Acclaimed Filipino filmmaker Mike De Leon’s works to be screened at NYC’s Museum of Modern Art

After having his 1976 film Itim (English title: Rites of May) screened at the Cannes Film Festival earlier this year, renowned Filipino director Mike De Leon’s works are again headed overseas — this time to the Museum of Modern Art (MoMA) in New York City.

MoMA will be holding the retrospective film series, “Mike De Leon: Self-Portrait of a Filipino Filmmaker” throughout November. It will feature all of De Leon’s feature films and shorts from his career as both a director and writer, making it the first time such a comprehensive screening of his works will have been held in North America. 

MoMA’s website describes De Leon as “one of Filipino cinema’s most fiercely political and dramatic storytellers in his own right”. It also notes De Leon’s storied history with the Philippines movie industry — his grandmother, Doña Sisang, founded the once-prestigious LVN Pictures — as well as the influences of Hollywood and European cinema on his work.

“De Leon’s own films mix the genres of melodrama, crime, supernatural horror, slapstick comedy, and the musical with blisteringly critical stances toward his country’s history of corruption and cronyism, state-sponsored violence, feudalist exploitation, and populist machismo: the festering legacies of the nation’s colonial past made even more purulent by the dictatorships of Ferdinand Marcos and Rodrigo Duterte,” it wrote.

MoMA’s retrospective includes Itim (1976), De Leon’s debut feature; Kisapmata (1981); AKΩ Batch ’81 (1982); Sister Stella L. (1984); and Citizen Jake (2018). The retrospective will also feature Signos, “the defiantly subversive anti-Marcos short he made in 1983 with an underground collective of filmmakers and activists,” as well as rare behind-the-scenes footage from the 1975 Lino Brocka masterpiece Manila in the Claws of Light (where De Leon served as producer and cinematographer), Itim, and Moments in a Stolen Dream (1977).

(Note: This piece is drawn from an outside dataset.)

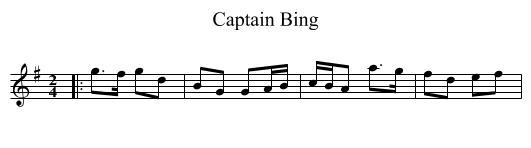 Captain Bing - staff notation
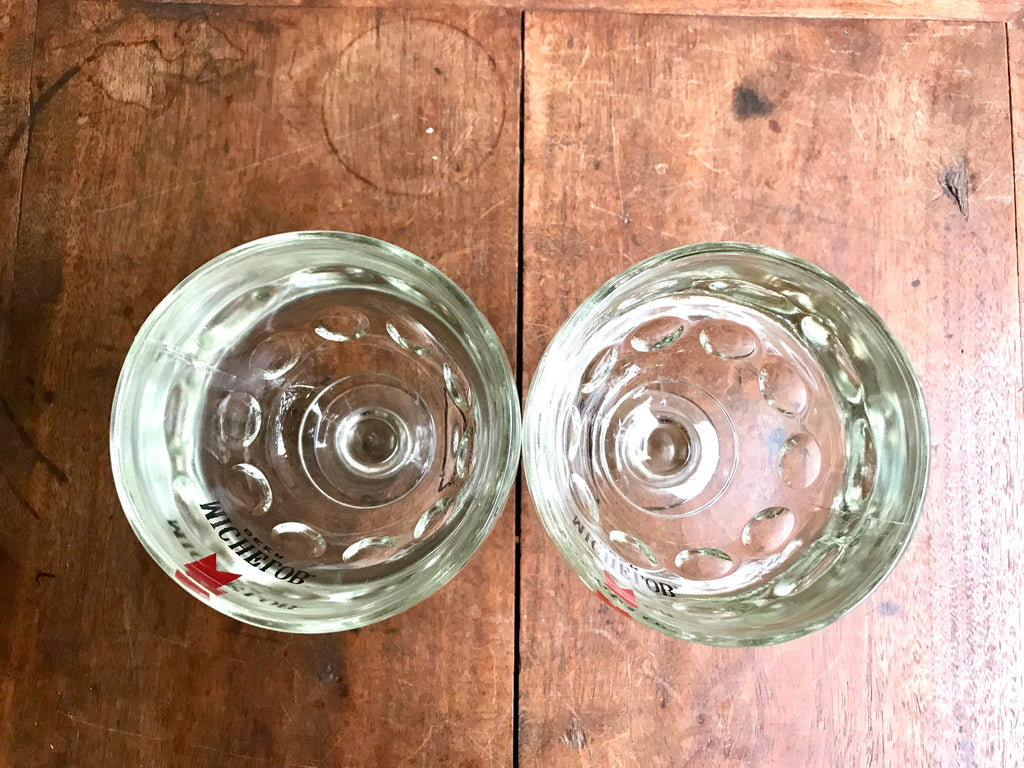 2 Vintage Michelob Bar Glasses | Vintage Michelob Stemmed Goblets | Vintage Thumbprint Goblets | Retro Beer Glasses | Michelob Beer Glasses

De Leon was unable to attend the screening of Itim at Cannes earlier this year but delivered a powerful anecdote through his international distributor, Carlotta Films:

“The title of the [book] section that I read is ‘Surreal Mix of Horror and Politics.’ It is still appropriate, but Horror has now acquired a more sinister meaning. It is no longer about a ghost but about the monsters of Philippine politics, monsters that, after a long wait in the subterranean caverns of hell, have returned to ravish and rape my country all over again. The crazy thing is that we invited them back.”

“I am happy that my film is participating in this great festival, but I feel utterly humiliated to be a Filipino today.”